PROVIDED RECORDS —
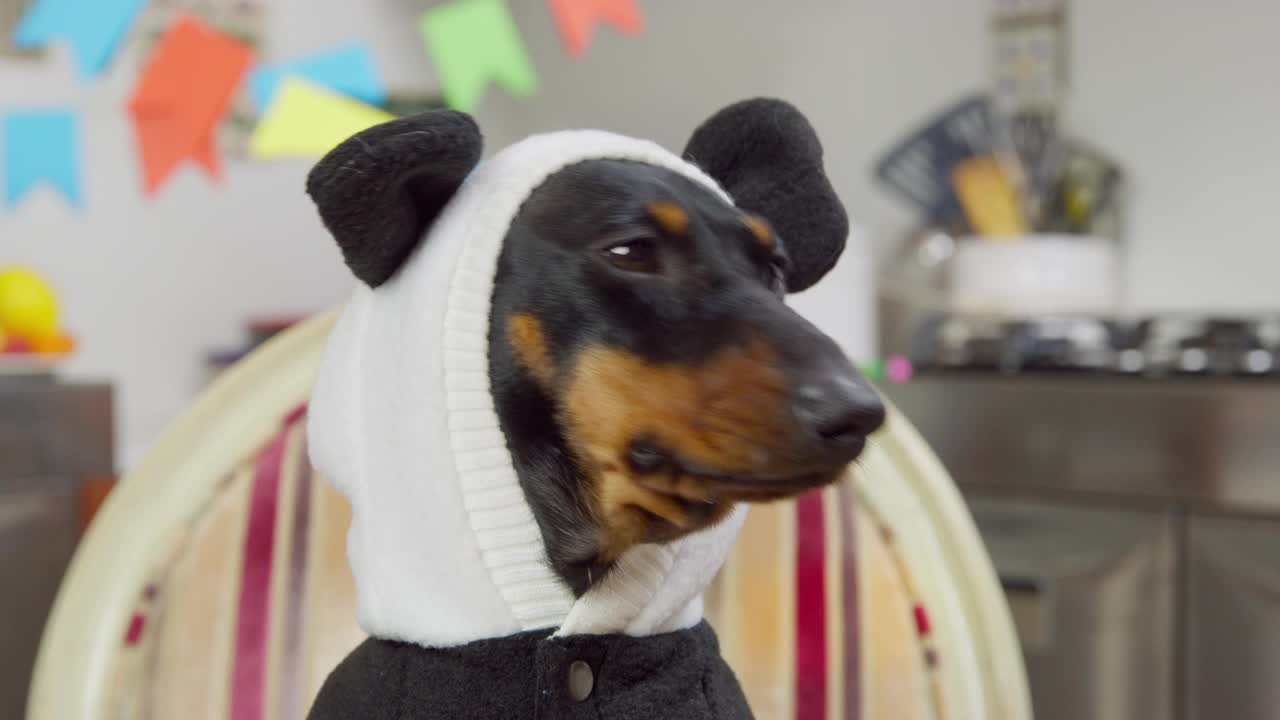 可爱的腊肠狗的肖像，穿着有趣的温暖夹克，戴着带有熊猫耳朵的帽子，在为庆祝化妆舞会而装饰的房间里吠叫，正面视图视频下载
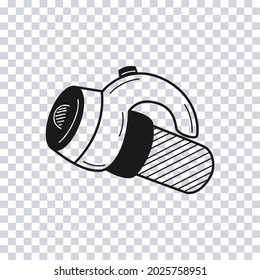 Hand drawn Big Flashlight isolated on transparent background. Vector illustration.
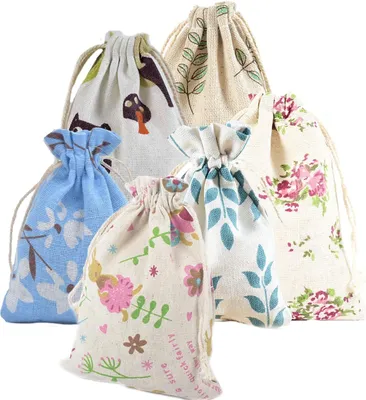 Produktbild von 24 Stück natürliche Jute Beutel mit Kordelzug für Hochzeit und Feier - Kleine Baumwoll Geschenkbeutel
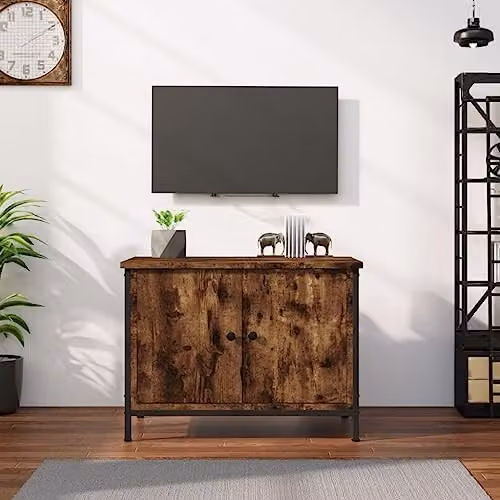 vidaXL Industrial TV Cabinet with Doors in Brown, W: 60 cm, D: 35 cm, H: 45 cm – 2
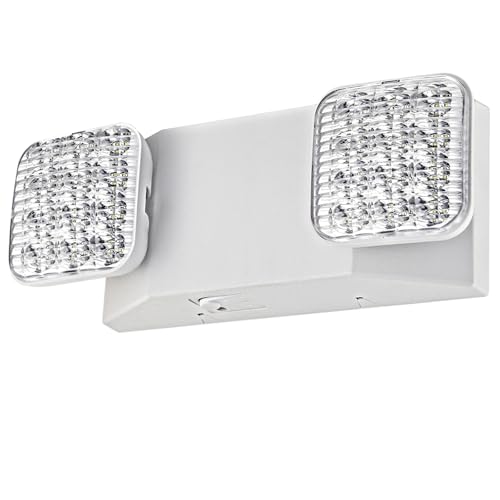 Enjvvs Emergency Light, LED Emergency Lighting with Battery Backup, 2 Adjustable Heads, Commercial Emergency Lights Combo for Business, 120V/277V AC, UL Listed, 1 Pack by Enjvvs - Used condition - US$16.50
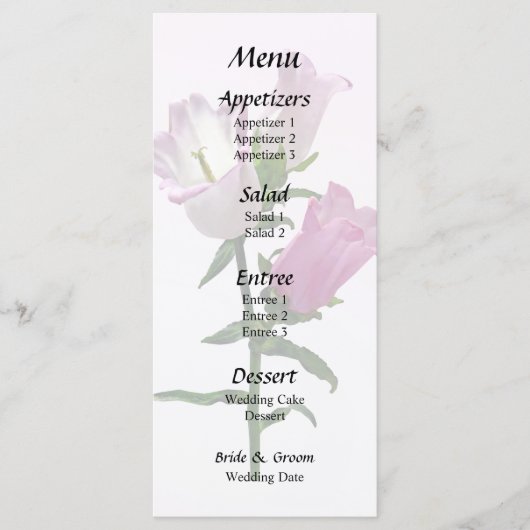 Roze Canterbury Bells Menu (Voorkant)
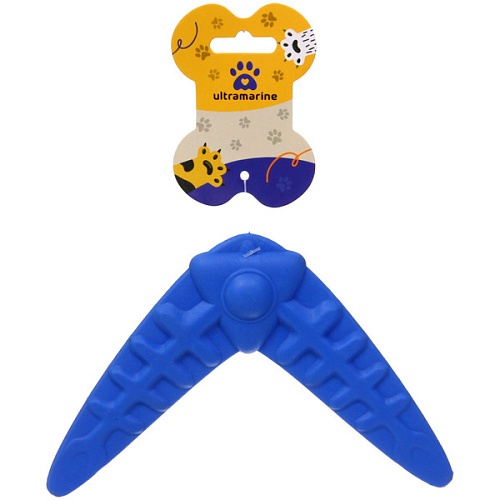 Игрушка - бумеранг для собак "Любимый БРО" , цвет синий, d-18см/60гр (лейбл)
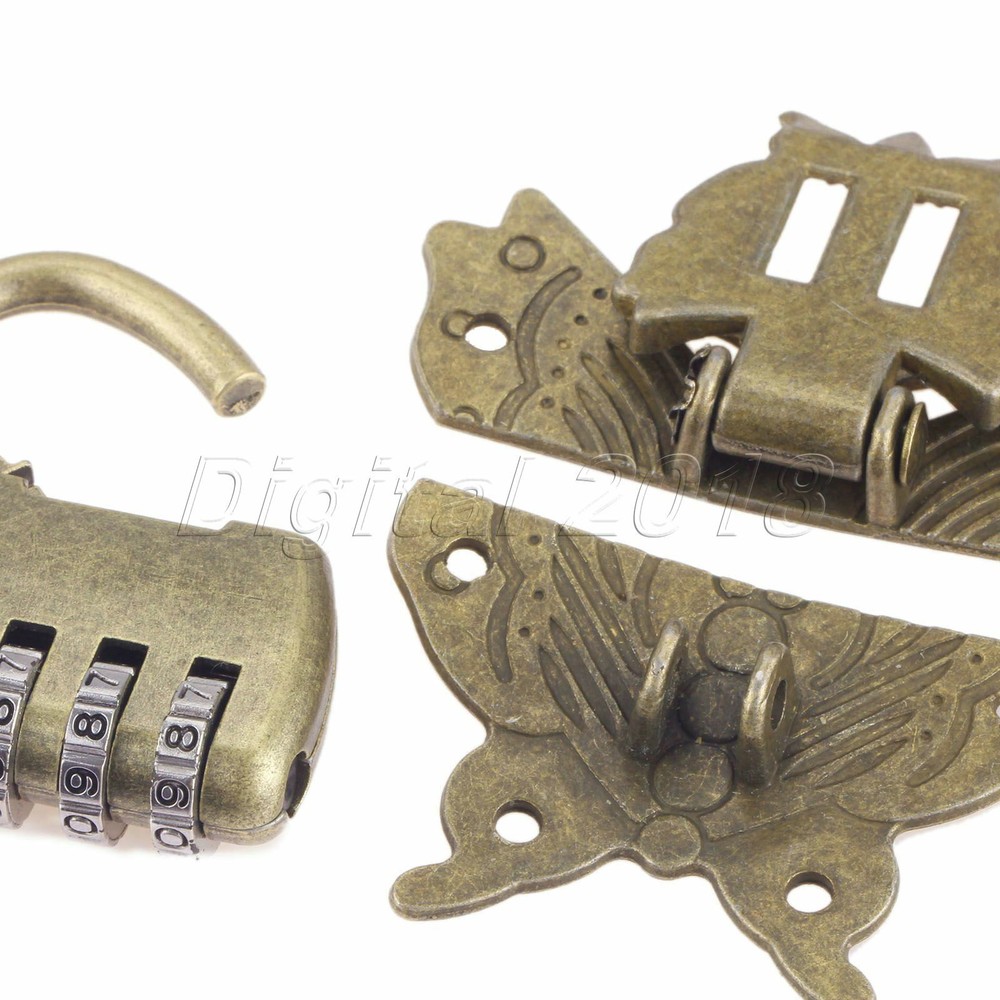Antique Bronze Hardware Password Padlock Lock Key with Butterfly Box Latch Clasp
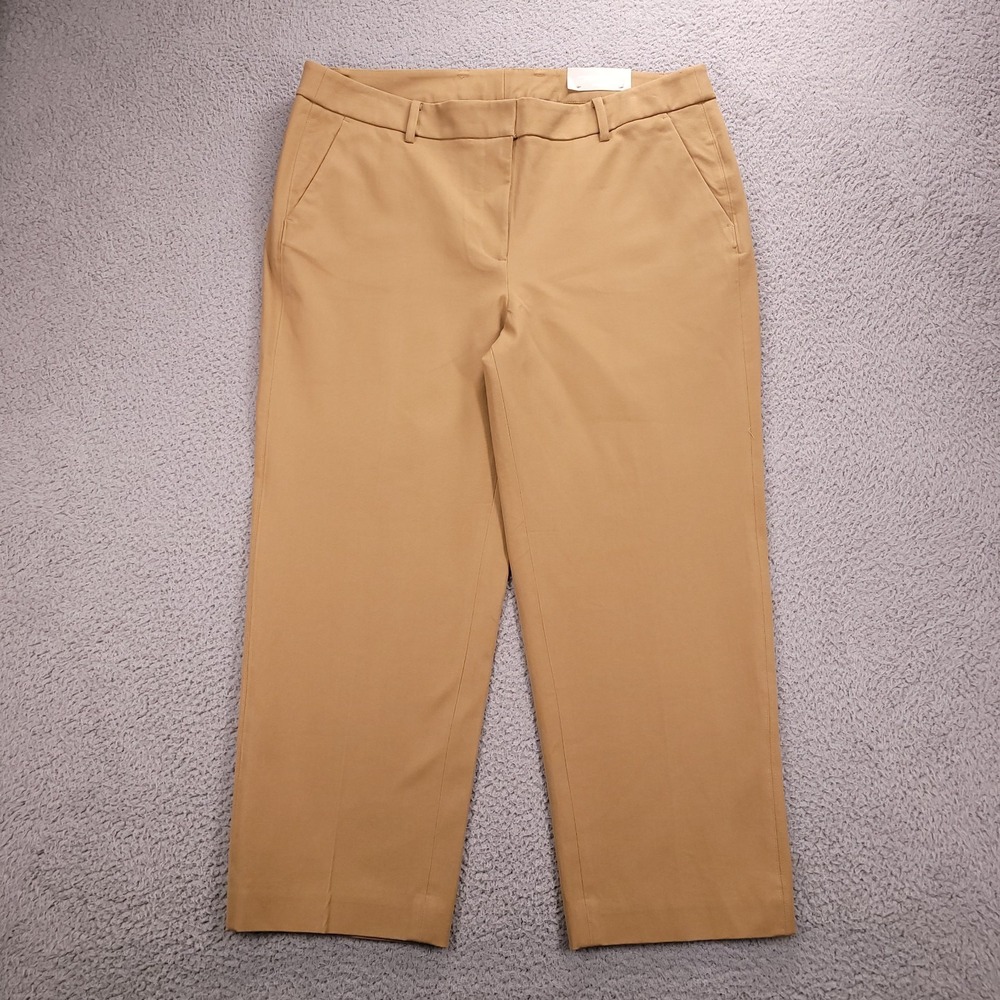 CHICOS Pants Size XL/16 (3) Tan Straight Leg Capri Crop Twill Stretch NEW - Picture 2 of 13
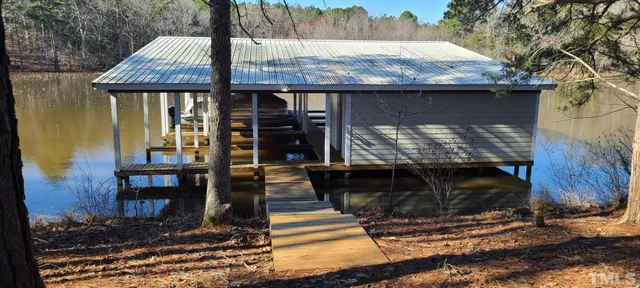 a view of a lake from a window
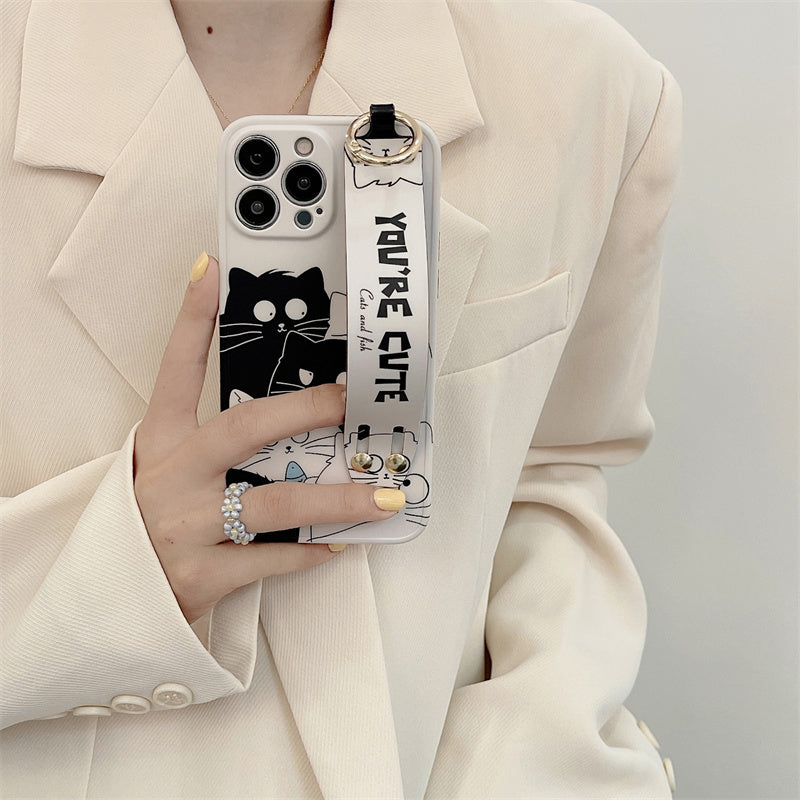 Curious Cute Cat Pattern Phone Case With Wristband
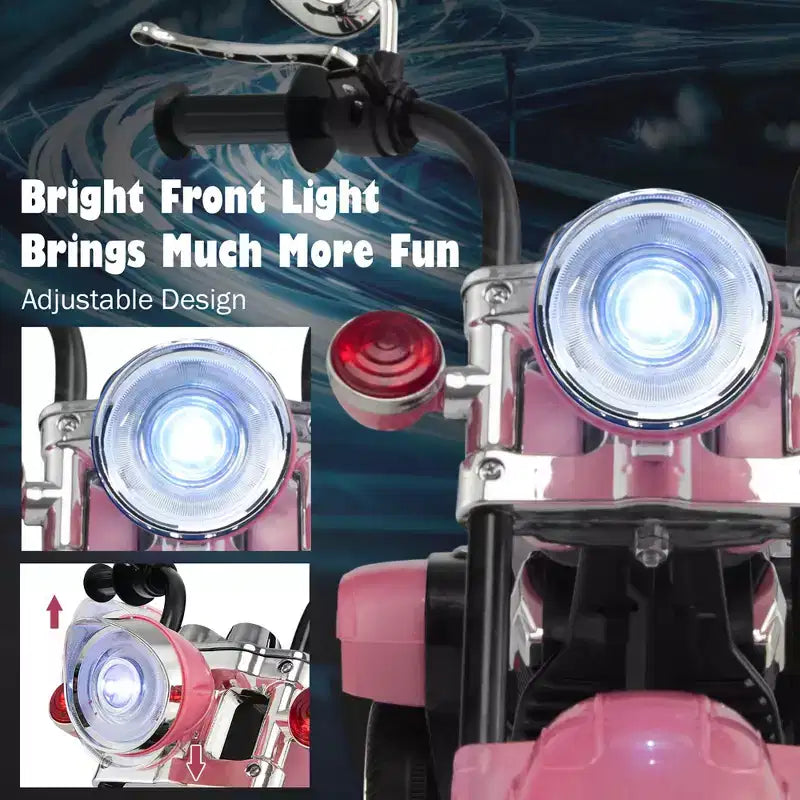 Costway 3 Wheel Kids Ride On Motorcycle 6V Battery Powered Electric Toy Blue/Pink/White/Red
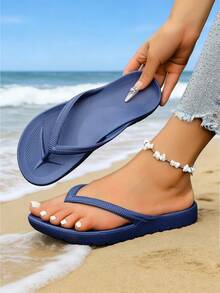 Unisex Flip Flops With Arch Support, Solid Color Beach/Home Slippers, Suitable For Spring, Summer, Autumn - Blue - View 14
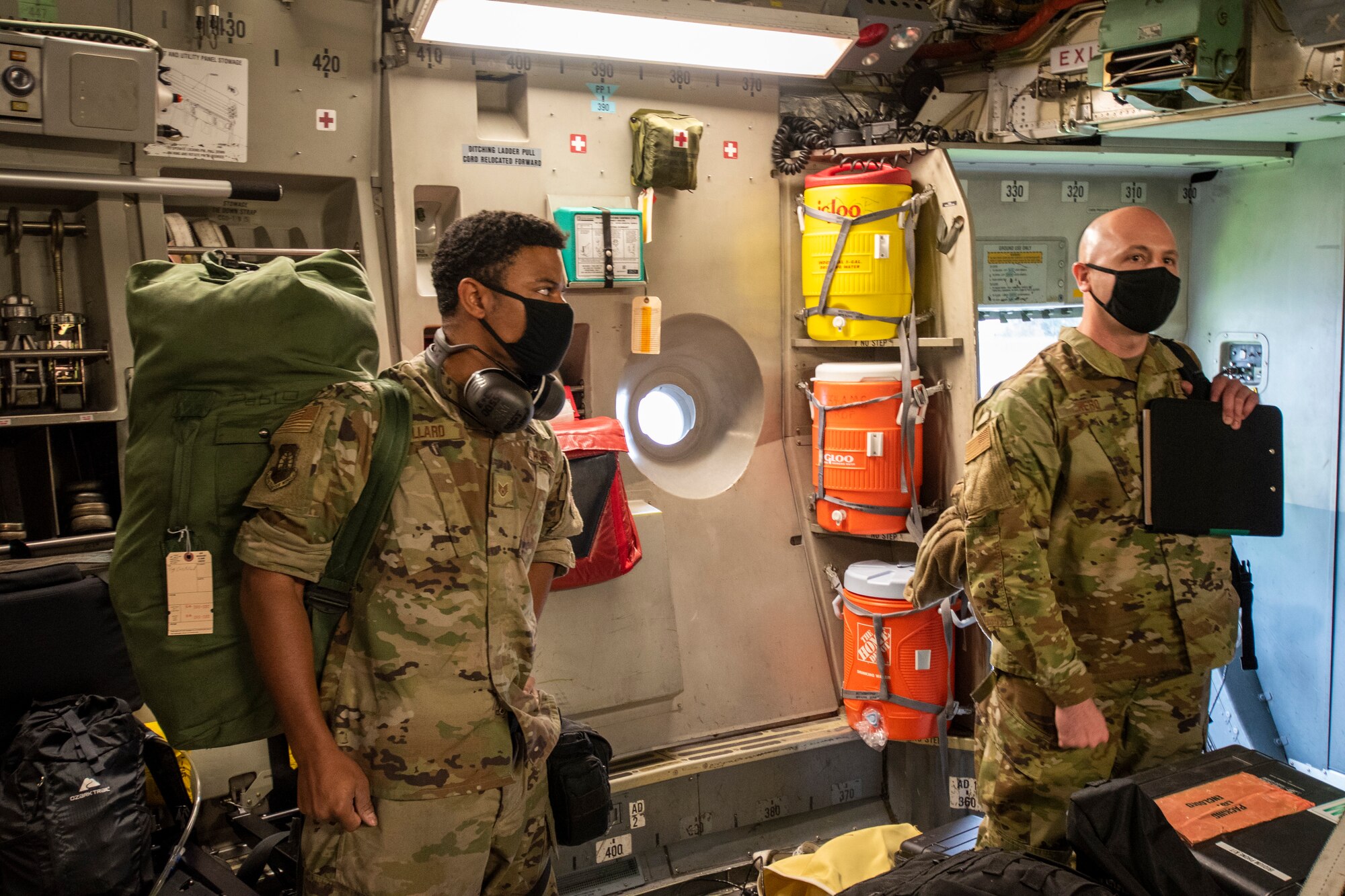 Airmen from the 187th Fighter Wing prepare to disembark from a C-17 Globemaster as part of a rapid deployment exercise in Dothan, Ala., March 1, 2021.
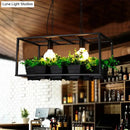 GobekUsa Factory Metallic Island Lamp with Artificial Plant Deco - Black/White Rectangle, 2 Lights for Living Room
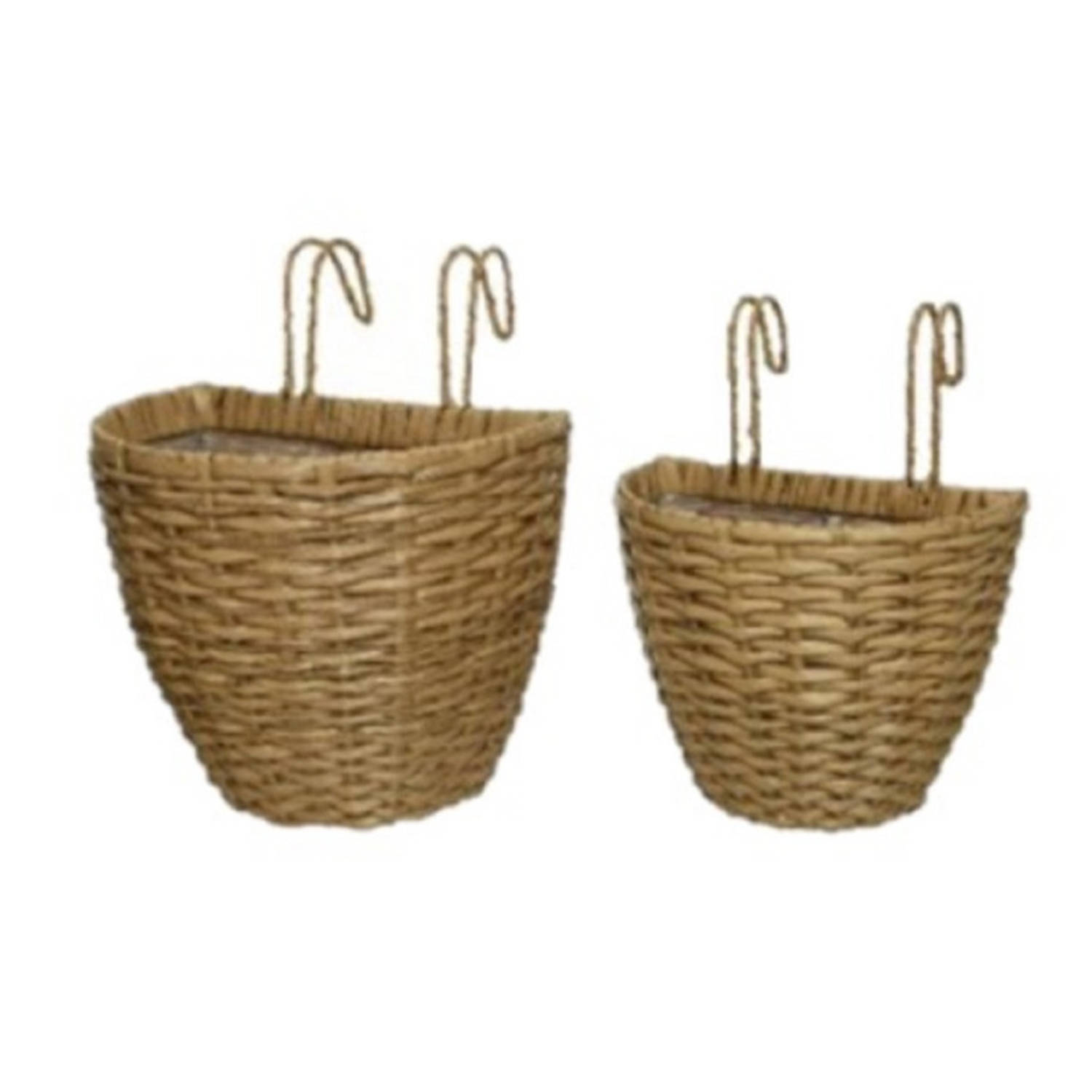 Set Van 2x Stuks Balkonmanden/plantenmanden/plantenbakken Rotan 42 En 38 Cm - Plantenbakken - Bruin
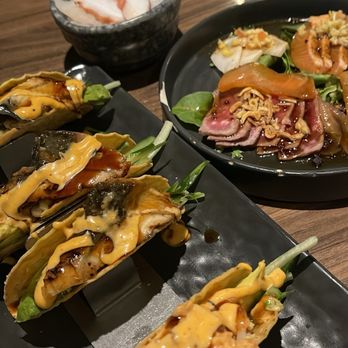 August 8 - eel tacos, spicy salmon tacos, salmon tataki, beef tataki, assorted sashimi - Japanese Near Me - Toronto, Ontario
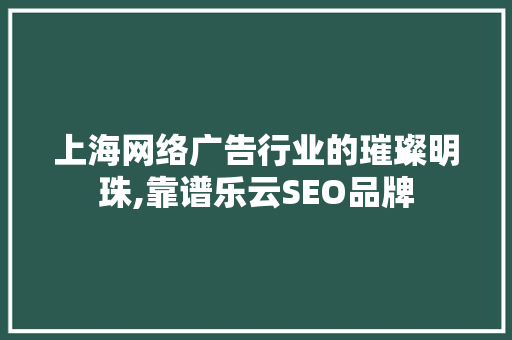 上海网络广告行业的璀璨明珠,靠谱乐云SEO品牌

INSTRUCTIONS TO FOLLOW —
Starting with the line that has "Costway 3 Wheel" and going on through the line that has "Set Van 2x Stuks", transcribe the records above exactly, but skip the pictures.

YOUR RESPONSE —
 Costway 3 Wheel Kids Ride On Motorcycle 6V Battery Powered Electric Toy Blue/Pink/White/Red
 Unisex Flip Flops With Arch Support, Solid Color Beach/Home Slippers, Suitable For Spring, Summer, Autumn - Blue - View 14
 Airmen from the 187th Fighter Wing prepare to disembark from a C-17 Globemaster as part of a rapid deployment exercise in Dothan, Ala., March 1, 2021.
 GobekUsa Factory Metallic Island Lamp with Artificial Plant Deco - Black/White Rectangle, 2 Lights for Living Room
 Set Van 2x Stuks Balkonmanden/plantenmanden/plantenbakken Rotan 42 En 38 Cm - Plantenbakken - Bruin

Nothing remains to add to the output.